Your assignment: Copy out exactly the stretch of the listing below that begins at the line containing "Obrázek MegaGear MG1282" and ends at the line containing "Photo 3 VIN: 1FADP3K2XFL330609 - FORD FOCUS", and copy nothing outside it.

============

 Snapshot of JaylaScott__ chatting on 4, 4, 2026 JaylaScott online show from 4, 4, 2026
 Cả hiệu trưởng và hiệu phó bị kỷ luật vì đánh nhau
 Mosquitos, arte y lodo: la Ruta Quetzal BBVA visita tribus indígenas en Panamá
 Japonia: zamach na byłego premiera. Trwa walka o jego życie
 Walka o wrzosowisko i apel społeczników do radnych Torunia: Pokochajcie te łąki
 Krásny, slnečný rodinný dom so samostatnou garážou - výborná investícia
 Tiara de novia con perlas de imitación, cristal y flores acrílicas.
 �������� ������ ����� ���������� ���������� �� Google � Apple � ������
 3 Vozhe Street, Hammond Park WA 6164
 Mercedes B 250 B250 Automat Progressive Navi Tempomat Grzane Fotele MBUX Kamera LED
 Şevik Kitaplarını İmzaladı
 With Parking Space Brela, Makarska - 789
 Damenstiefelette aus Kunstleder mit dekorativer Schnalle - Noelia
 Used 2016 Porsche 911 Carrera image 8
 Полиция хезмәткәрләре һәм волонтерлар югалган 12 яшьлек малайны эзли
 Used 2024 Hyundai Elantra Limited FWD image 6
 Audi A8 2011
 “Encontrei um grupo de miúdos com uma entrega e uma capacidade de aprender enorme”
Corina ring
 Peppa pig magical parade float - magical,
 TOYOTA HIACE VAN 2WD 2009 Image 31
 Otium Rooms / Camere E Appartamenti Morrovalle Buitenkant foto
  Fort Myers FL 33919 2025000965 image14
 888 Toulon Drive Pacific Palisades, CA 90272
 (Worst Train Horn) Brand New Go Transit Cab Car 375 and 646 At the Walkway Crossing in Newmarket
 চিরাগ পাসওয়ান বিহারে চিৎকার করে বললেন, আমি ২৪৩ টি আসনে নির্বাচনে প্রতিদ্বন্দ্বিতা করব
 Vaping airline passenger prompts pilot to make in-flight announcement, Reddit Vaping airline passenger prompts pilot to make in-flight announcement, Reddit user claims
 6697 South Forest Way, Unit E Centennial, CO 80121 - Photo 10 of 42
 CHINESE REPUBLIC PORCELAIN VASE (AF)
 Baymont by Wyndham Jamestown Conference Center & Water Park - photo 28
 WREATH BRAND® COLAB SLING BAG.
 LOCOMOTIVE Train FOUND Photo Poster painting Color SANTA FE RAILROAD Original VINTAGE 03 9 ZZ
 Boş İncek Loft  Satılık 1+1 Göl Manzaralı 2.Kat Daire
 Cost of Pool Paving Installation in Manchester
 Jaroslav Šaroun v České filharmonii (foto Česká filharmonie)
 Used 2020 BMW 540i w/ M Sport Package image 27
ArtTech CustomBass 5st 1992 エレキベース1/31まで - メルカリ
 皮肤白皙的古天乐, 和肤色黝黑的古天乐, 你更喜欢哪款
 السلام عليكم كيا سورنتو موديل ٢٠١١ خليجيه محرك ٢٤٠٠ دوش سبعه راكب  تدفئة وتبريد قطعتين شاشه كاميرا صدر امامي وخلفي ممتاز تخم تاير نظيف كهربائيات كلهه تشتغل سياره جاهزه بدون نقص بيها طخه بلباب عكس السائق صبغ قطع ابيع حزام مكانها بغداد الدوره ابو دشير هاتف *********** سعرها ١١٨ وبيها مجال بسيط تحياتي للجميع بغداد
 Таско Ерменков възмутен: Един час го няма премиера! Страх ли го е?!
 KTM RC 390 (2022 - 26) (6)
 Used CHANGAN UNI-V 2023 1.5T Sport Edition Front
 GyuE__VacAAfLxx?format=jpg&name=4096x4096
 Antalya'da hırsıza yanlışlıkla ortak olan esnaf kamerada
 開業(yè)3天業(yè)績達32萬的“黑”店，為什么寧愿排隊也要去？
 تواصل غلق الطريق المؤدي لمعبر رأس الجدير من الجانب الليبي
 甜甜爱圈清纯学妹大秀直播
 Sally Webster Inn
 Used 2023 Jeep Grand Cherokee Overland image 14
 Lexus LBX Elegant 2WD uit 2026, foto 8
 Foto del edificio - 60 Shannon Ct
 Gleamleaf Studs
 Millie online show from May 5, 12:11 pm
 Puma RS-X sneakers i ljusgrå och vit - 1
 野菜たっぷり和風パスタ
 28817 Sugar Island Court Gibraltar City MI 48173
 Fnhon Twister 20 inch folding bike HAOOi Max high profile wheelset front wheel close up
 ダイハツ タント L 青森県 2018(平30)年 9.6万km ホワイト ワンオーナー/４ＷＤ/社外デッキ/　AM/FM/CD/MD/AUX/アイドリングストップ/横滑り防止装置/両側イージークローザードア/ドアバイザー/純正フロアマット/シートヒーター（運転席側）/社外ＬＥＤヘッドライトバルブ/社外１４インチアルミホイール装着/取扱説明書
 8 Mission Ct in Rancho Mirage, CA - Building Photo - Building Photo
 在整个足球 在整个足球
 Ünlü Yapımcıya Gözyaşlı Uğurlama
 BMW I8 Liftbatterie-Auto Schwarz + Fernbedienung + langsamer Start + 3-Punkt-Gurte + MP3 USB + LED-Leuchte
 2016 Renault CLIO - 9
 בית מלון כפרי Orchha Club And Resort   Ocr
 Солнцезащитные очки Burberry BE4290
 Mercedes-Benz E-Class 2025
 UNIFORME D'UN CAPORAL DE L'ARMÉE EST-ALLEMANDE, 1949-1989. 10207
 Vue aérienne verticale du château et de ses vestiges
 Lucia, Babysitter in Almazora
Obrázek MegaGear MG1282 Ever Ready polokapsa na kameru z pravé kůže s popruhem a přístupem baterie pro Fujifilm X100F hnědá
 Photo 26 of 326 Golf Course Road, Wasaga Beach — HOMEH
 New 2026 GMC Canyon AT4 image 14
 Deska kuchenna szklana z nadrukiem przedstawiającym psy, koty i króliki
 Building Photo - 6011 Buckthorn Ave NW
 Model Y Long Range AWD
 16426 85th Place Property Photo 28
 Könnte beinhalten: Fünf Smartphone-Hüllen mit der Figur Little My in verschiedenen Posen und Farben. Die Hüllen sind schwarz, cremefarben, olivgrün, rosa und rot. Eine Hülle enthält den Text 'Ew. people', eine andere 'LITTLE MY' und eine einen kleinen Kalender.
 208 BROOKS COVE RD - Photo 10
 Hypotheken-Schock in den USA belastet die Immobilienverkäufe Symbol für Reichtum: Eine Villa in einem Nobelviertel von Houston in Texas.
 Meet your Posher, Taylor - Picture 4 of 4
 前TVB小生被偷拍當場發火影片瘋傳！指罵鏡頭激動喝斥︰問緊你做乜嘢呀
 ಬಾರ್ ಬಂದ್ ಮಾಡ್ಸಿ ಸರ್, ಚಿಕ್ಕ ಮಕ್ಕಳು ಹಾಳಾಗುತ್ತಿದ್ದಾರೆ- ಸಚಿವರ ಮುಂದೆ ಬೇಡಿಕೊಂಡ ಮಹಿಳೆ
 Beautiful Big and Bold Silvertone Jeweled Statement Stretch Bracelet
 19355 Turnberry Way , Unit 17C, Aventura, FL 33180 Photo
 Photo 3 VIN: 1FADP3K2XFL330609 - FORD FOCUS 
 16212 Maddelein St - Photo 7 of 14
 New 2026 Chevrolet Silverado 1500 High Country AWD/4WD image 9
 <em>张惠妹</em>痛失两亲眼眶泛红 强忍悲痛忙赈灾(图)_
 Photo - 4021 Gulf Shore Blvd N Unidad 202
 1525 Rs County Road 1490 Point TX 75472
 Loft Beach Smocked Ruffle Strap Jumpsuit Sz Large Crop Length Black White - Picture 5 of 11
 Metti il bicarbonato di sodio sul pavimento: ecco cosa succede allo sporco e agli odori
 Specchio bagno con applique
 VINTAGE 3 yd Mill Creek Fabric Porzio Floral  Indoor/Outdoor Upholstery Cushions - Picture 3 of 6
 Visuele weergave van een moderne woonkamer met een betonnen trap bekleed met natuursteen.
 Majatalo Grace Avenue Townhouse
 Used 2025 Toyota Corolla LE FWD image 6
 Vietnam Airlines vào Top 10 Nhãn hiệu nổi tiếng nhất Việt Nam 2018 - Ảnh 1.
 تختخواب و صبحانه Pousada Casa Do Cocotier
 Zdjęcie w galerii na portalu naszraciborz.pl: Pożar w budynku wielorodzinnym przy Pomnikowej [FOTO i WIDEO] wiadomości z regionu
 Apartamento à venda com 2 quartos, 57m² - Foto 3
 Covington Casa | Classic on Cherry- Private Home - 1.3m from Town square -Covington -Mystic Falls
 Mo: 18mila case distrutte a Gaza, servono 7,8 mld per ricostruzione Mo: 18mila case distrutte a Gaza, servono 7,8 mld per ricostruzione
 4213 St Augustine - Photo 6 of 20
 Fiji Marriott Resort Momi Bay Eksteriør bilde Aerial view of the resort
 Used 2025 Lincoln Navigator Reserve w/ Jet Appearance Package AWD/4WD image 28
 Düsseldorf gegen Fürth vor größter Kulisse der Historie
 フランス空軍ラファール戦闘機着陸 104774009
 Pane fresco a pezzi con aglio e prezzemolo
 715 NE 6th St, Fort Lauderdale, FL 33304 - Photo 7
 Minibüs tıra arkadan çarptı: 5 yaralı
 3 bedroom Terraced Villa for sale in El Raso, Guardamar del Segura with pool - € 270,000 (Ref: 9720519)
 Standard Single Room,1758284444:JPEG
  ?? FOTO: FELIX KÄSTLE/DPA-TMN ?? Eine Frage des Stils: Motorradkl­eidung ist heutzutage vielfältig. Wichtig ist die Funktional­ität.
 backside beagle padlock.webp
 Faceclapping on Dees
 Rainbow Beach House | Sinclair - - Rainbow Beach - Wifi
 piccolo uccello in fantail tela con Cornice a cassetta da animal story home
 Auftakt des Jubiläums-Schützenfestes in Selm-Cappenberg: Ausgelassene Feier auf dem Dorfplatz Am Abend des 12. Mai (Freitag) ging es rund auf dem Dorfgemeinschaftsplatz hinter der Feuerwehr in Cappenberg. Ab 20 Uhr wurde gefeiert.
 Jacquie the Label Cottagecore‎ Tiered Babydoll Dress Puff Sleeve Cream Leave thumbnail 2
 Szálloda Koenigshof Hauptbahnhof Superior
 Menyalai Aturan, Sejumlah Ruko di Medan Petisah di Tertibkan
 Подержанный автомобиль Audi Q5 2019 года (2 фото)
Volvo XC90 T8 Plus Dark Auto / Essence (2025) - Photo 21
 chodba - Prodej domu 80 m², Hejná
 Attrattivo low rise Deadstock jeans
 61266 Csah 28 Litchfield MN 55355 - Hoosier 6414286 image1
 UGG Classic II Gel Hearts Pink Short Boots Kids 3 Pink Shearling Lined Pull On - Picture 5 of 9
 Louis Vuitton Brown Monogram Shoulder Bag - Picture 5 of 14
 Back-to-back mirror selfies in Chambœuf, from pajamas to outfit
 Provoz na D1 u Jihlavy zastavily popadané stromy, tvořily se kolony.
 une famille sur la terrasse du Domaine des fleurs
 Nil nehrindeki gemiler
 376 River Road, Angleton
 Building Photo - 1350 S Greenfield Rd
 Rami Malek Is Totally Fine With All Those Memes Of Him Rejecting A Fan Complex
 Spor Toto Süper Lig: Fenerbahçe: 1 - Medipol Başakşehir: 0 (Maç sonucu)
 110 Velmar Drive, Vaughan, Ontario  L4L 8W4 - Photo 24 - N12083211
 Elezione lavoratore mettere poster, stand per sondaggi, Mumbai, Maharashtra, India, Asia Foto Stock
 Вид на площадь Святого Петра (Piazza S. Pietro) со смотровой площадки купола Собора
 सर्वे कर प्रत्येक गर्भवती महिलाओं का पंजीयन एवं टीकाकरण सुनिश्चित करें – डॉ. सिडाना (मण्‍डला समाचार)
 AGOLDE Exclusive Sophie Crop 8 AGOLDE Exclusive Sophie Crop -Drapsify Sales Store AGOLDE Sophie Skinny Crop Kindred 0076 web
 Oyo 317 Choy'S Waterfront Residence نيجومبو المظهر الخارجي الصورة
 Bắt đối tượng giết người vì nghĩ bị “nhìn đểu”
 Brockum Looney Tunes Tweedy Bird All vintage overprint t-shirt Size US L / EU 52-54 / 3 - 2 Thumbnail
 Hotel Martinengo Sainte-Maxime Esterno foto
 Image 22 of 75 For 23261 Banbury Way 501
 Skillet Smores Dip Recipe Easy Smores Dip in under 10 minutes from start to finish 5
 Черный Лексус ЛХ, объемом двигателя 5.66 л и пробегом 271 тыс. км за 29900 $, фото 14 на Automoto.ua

============

Answer below:
Obrázek MegaGear MG1282 Ever Ready polokapsa na kameru z pravé kůže s popruhem a přístupem baterie pro Fujifilm X100F hnědá
 Photo 26 of 326 Golf Course Road, Wasaga Beach — HOMEH
 New 2026 GMC Canyon AT4 image 14
 Deska kuchenna szklana z nadrukiem przedstawiającym psy, koty i króliki
 Building Photo - 6011 Buckthorn Ave NW
 Model Y Long Range AWD
 16426 85th Place Property Photo 28
 Könnte beinhalten: Fünf Smartphone-Hüllen mit der Figur Little My in verschiedenen Posen und Farben. Die Hüllen sind schwarz, cremefarben, olivgrün, rosa und rot. Eine Hülle enthält den Text 'Ew. people', eine andere 'LITTLE MY' und eine einen kleinen Kalender.
 208 BROOKS COVE RD - Photo 10
 Hypotheken-Schock in den USA belastet die Immobilienverkäufe Symbol für Reichtum: Eine Villa in einem Nobelviertel von Houston in Texas.
 Meet your Posher, Taylor - Picture 4 of 4
 前TVB小生被偷拍當場發火影片瘋傳！指罵鏡頭激動喝斥︰問緊你做乜嘢呀
 ಬಾರ್ ಬಂದ್ ಮಾಡ್ಸಿ ಸರ್, ಚಿಕ್ಕ ಮಕ್ಕಳು ಹಾಳಾಗುತ್ತಿದ್ದಾರೆ- ಸಚಿವರ ಮುಂದೆ ಬೇಡಿಕೊಂಡ ಮಹಿಳೆ
 Beautiful Big and Bold Silvertone Jeweled Statement Stretch Bracelet
 19355 Turnberry Way , Unit 17C, Aventura, FL 33180 Photo
 Photo 3 VIN: 1FADP3K2XFL330609 - FORD FOCUS 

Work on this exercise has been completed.